FINDINGS: The literature review established a low risk for ipsilateral and contralateral breast cancer events in most older breast cancer survivors and summarized the benefits and harms associated with mammography. Draft mammography guidelines were iteratively evaluated by the expert panel and clinician focus groups, emphasizing a patient's risk for in-breast cancer events, age, life expectancy, and personal preferences. The final consensus guidelines recommend discontinuation of routine mammography for all breast cancer survivors when life expectancy is less than 5 years, including those with a history of high-risk cancers; consideration to discontinue mammography when life expectancy is 5 to 10 years; and continuation of mammography when life expectancy is more than 10 years. Individualized, shared decision-making is encouraged to optimally tailor recommendations after weighing the benefits and harms associated with surveillance mammography and patient preferences. The panel also recommends ongoing clinical breast examinations and diagnostic mammography to evaluate clinical findings and symptoms, with reassurance for patients that these practices will continue.

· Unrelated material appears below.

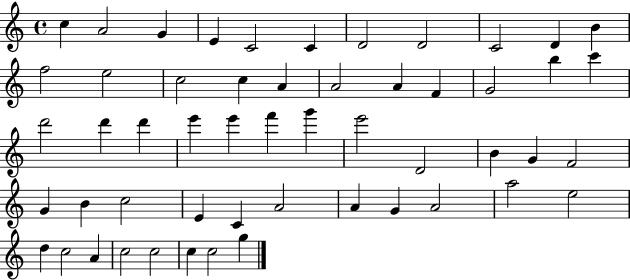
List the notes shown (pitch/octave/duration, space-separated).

C5/q A4/h G4/q E4/q C4/h C4/q D4/h D4/h C4/h D4/q B4/q F5/h E5/h C5/h C5/q A4/q A4/h A4/q F4/q G4/h B5/q C6/q D6/h D6/q D6/q E6/q E6/q F6/q G6/q E6/h D4/h B4/q G4/q F4/h G4/q B4/q C5/h E4/q C4/q A4/h A4/q G4/q A4/h A5/h E5/h D5/q C5/h A4/q C5/h C5/h C5/q C5/h G5/q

CONCLUSIONS AND RELEVANCE: It is anticipated that these expert guidelines will enhance clinical practice by providing a framework for individualized discussions, facilitating shared decision-making regarding surveillance mammography for breast cancer survivors 75 years or older.